Gyp Association has a publication with modifiers listed in the front end.

Wondering if UL doesn't also. Like if you do this, than add that kind of language.


----------



## mtlogcabin (Aug 7, 2012)

> Can you add materials on the outside of the wall?  Would one be able, say, to apply plywood with screws to the rated assembly?  Would the screws penetrating the rated wall affect the fire resistance of the wall?


Existing Mexican resturaunt had stainless installed on the wall in the kitchen behind the range. It was attached to the wall with stainless steel screws into the wood studs ( not code compliant under todays code).
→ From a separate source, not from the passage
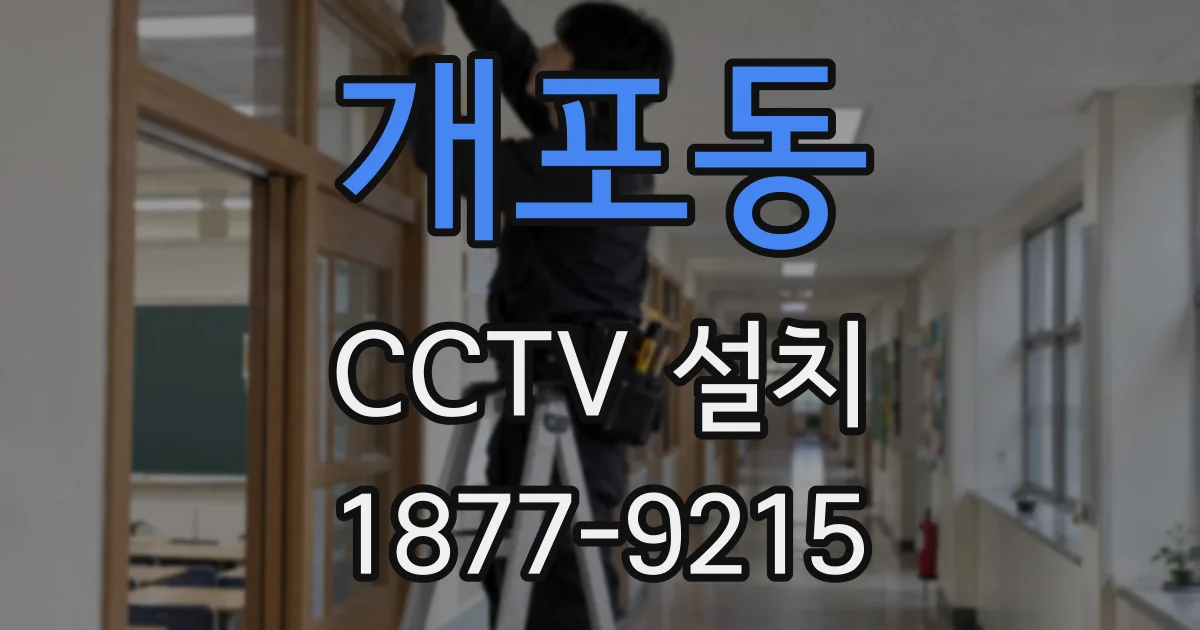 개포동 CCTV 설치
The large wok on the stove top allowed the flames to heat the stainless after about 2 weeks of that an employee cleaning the wall noticed the wall was still hot more than 90 minutes after the stove was no longer in use. The interior wood studs on the 2 hour wall had started to burn. The FD determined the heat was transferring the gypsum board by the screws and over time had charred the wood and eventually started to smolder. Quick action by the employee and the FD and the resturaunt was back in businees for dinner the next day


----------



## GCtony (Aug 9, 2012)

mtlogcabin, That's a good lesson right there. This I will store somewhere in my memory bank.

Ya all are killing me, You teach me one thing and it leads me to come up with 10 more questions! Like I tell my kids..."Not a day goes by that you don't learn something"

Someone mentioned sec. 717; is the wall cavity in a wall assembly considered a concealed space?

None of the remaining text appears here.